This one is irremediably geeqy. Apologies to the nondiqduqgeeqs who dropped in.
When there's a dagesh hazaq, the degushah letter is geminated--it is repeated, as though there's a sheva nah between the two occurrences of the letter. In Professor Moshe Goshen-Gottstein's Diqduq ha'ivri hashimmushi (Tel Aviv: Schocken, 1996), two examples are given (p. 28):
עַמִּים = עַמְמִים
שִׁבֵּר = שִׁבְ-בֵּר
The first of these is a little problematic, since Professor Goshen-Gottstein just told us (p. 26) that a sheva between two identical letters is a sheva na, not a nah. Maybe a hyphen, as in the second example, would have helped. But we know what he means, and the first example isn't the one I'm really interested in.
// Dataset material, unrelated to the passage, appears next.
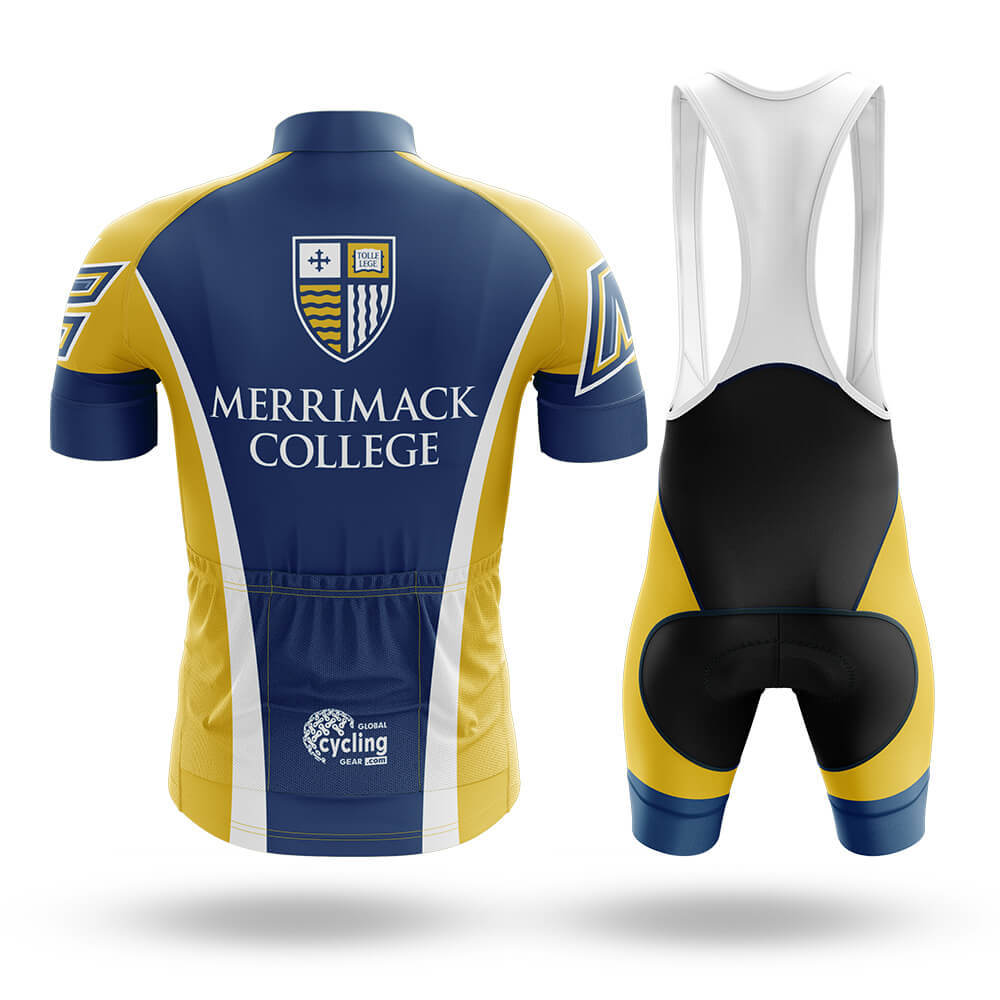 Merrimack College - Men's Cycling Kit - Global Cycling Gear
I see the logic in the second example, and it's probably theoretically correct. But assuming you pronounce the dagesh hazaq in tefillah or qeri'ah, does it make sense in real life to pronounce these bg"d kf"t letters as a fricative followed by a stop? Most likely, the person doing this would get corrected. This would be awkward at best. Let's say that during Untaneh Tokef the hazzan sings something about "yom tzom kifpur." A few possibilities arise. Maybe someone could incorrectly "correct" the hazzan. If the hazzan insists on his correctness, it would probably be embarrassing for the correcter, the hazzan, or both. But if the hazzan accepts an incorrect correction, that's not really great either. Even if nobody says anything, the pronunciation would be so unusual as to be a distraction for everyone.
It seems to me that when we have a dagesh hazaq in a bg"d kf"t letter, the best thing is to sacrifice correctness for decorum. But then, who cares how it seems to me?